Susan Young had also studied at the college, graduating ahead of Schendler. Speaking at the 2019 Deptford Animadoc event, Young remembers drawing inspiration from their lecturer Ray Fields, who ‘encouraged us to do non-narrative documentary, so to go out and observe things in the street or equally observe your own internal state or your internal response to something that was happening, and everything was equally valid so we would create these kind of observational documentary films that gave equal weight to what we were observing objectively but also what we were thinking subjectively’. Jonathan Hodgson also acknowledges the impact of Fields’ teaching on his practice. Speaking BFI Southbank as part of Edge of Frame weekend 2018, Hodgson remembers that sketchbook keeping was the cornerstone of the teaching, and students ‘were taught to draw very minimally […] finding a shorthand to create images quickly. But then it had to be meaningful, it had to be about something we observed.’ Echoes of Fields’ approach can be seen in much of the prominent British animated documentary and observational films of the 80s and 90s, and in subsequent work that has been influenced by these films.

Feeling My Way, 1997, dir. Jonathan Hodgson

Fields’ teaching style can be glimpsed through the documentation of his 1988 Stuttgart Animation Festival workshop which is accessible online through the Animator Mag archive. In this workshop, he contrasts the method of storyboarding in film development with the method of keeping notebooks, using these as symbols for broader approaches of ‘collective communication’ versus ‘self-communication’. Fields proposes that ‘the production of commercial work can be an incomplete experience. There is always a need to extend oneself through experiment’. However he also notes that ‘It is difficult to make the bridge between sketchbook, self actualisation, and what other people require for profit.’

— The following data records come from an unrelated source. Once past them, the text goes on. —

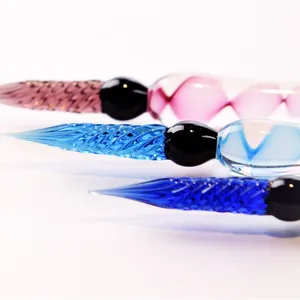 Elegant handmade colorful glass dip pen set with spiral nib for calligraphy art
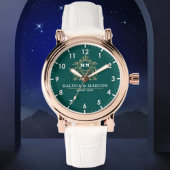  Green Floral Monogram Wedding Personalized Couple Armbanduhr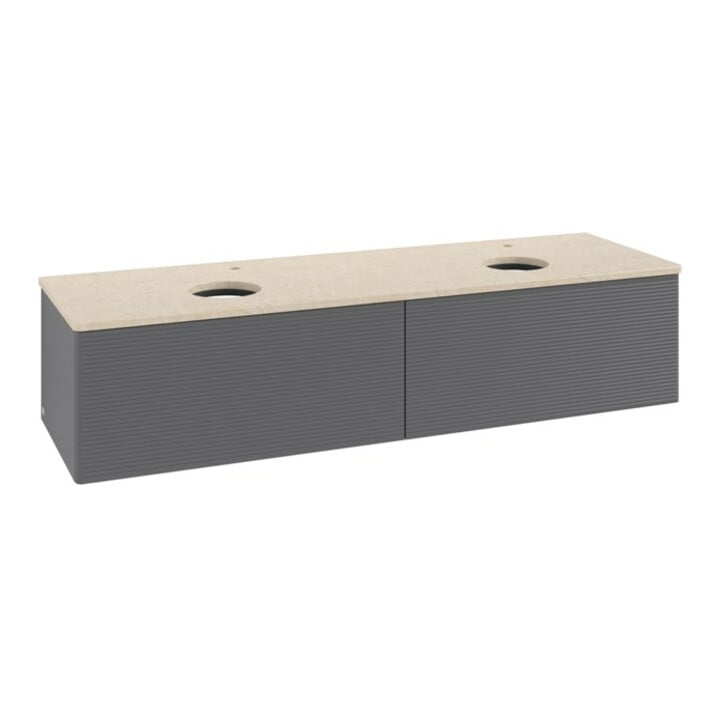 V&B Waschtischunterschrank mit Frontstruktur, mit Beleuchtung Antao 160x50cm, HL, WBP botti., Anthrac. m Lac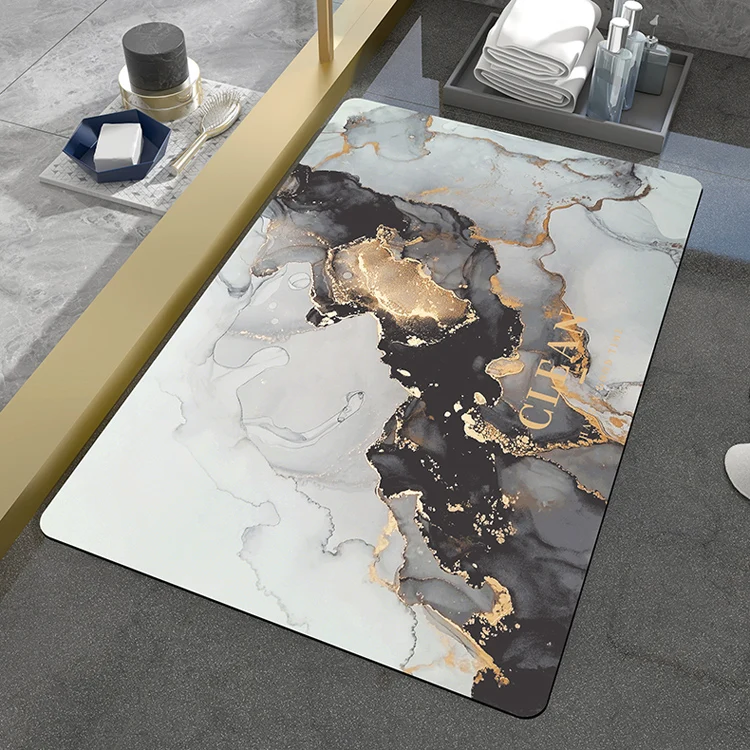 Creative Design Mat Wholesale Bathroom Door Rugs Products Soft washable Diatomite Carpet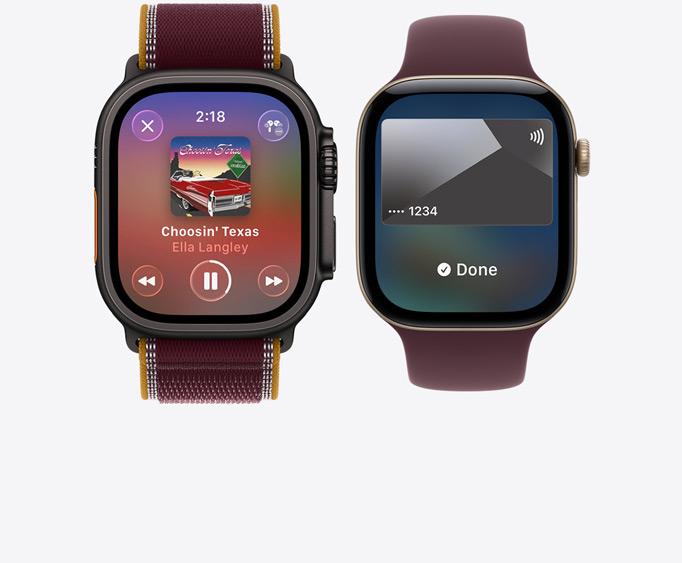 Apple Watch Ultra 4, Titangehäuse, Farbe Schwarz, Apple Music App, Bildschirm «Jetzt läuft», Trail Loop Armband, Farbe Burgunder; Apple Watch Series 12, Aluminiumgehäuse, Farbe Lichtgold, Apple Pay Display, Apple Card, Sport Loop Armband, Farbe Burgunder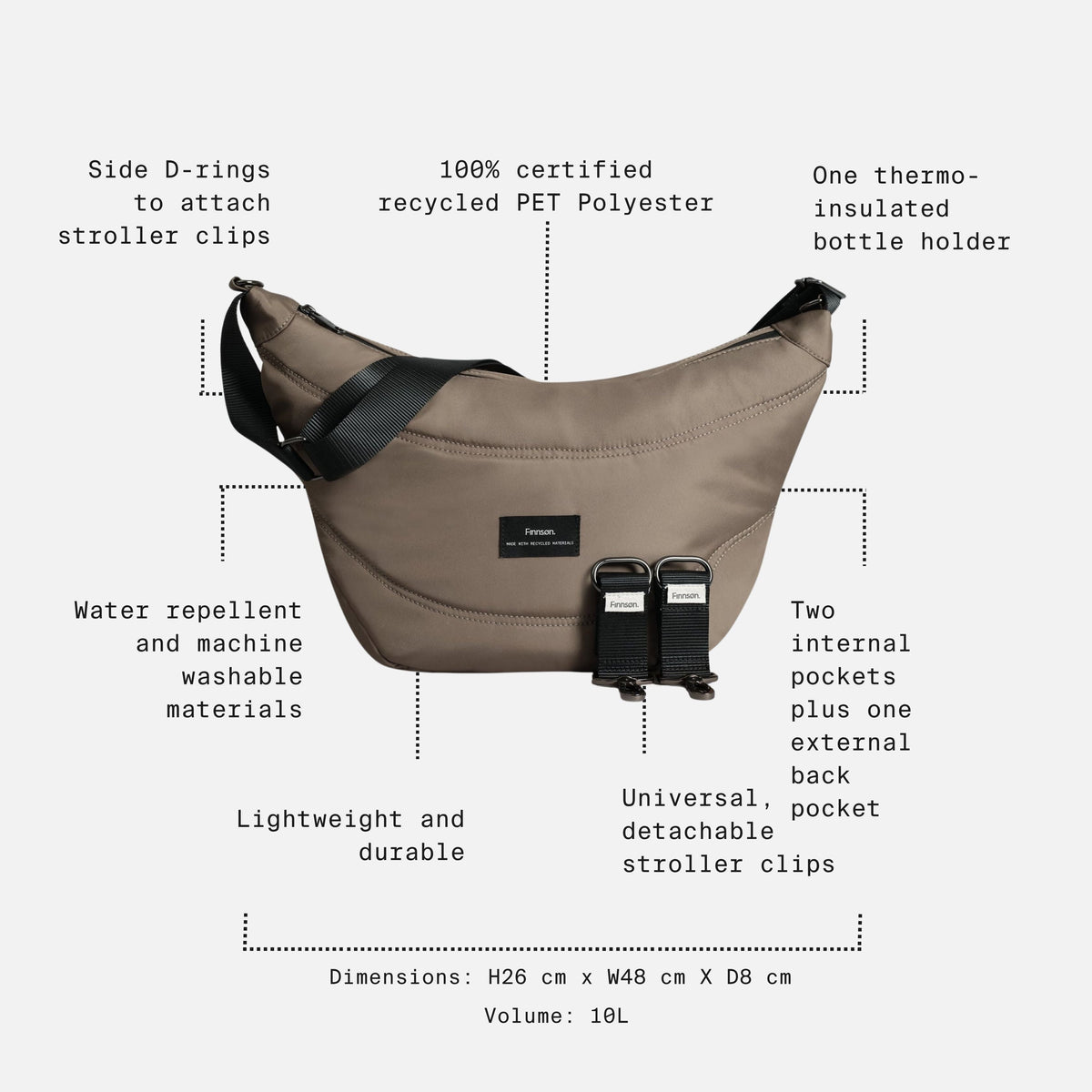 Finnson Osma Stroller Organiser with Clips - Mocha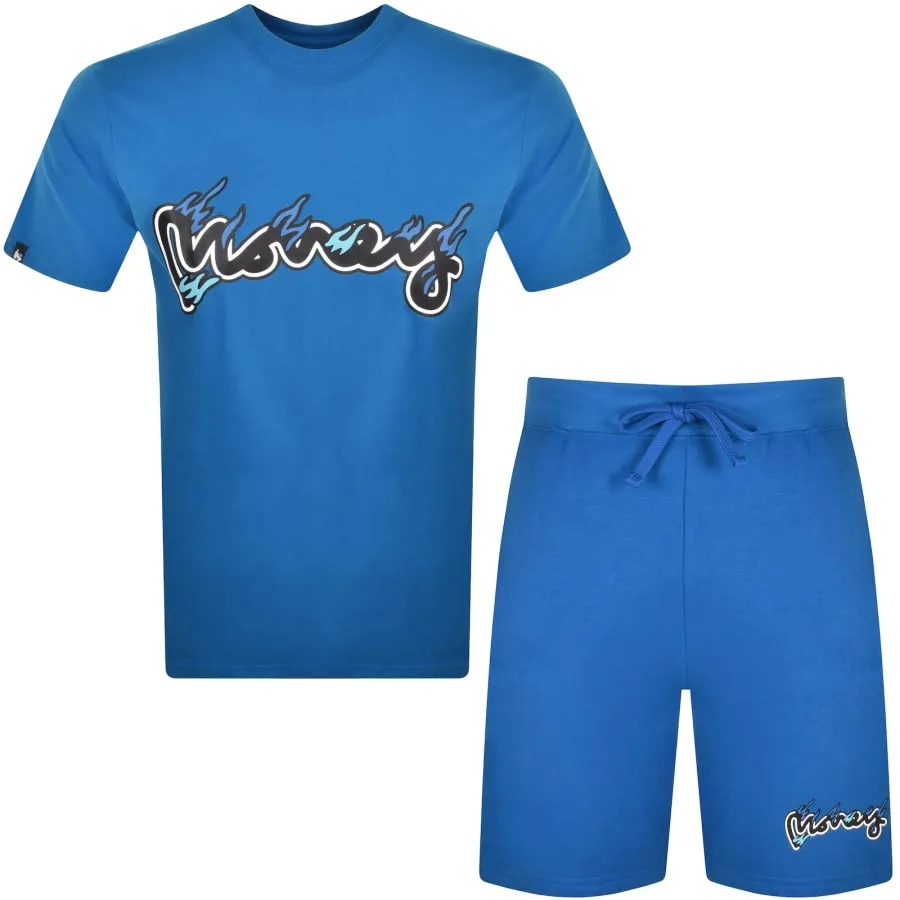 Money Flame Signature Shorts Tracksuit Blue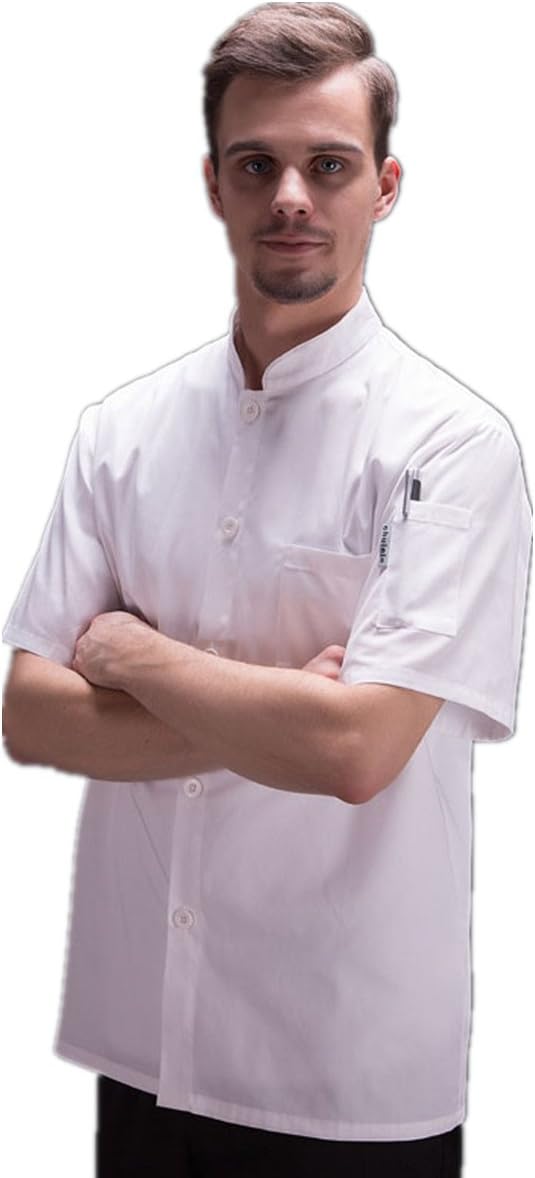 XINFU Mens Chef Jacket Short Sleeve Summer Pure Color Chef Uniform Hotel Chef's Work Clothes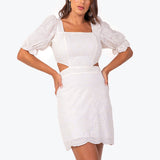 Vestido Laise Recortes Offwhite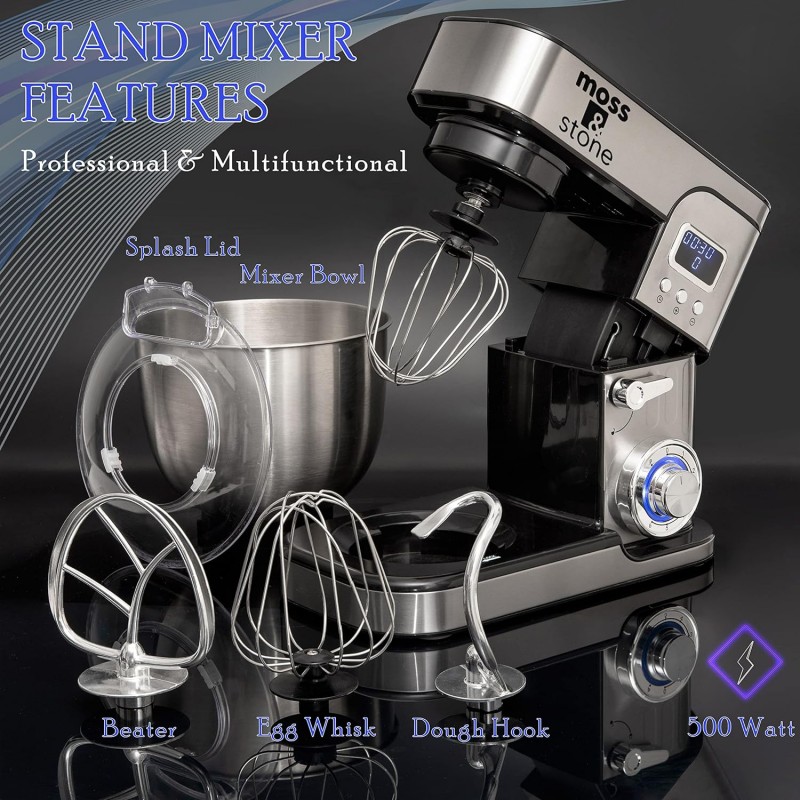 Batidora de pie para musgo y piedra con pantalla LCD, batidora eléctrica de 6 velocidades con tazón para mezclar de acero inoxidable de 5,5 cuartos, batidora de cocina con gancho para masa, batidor de huevos, batidor y espátula para hornear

The push and pull of different priorities in art education, and specifically animation education in art university environments, remains a source of concern for students and educators. The responsibility to produce employable entry-level practitioners can sometimes be seen as a trade-off against the responsibility to nurture a critical and experimental practice, or to cultivate an environment that embraces political dissent and creative resistance. In our current education environments, these debates are scaffolded by complex and changing financial and structural systems in higher education, political pressures, and shifting landscapes in the creative industries. 

These considerations play on my mind as an educator in art school environments. For me, one the most exciting parts of my job is seeing students develop their own unique creative practices and languages. For many, these will stay with them throughout their lives, as they continue to learn and develop. Even for those who do not choose creative careers, the ability to process and communicate experience through creativity will be a place to which they can return whenever they wish. Learning to read can take you to new disciplines, new ideas, new perspectives, new approaches. Learning to think creatively and to make creatively has similar lifelong benefits in both personal and professional spheres. 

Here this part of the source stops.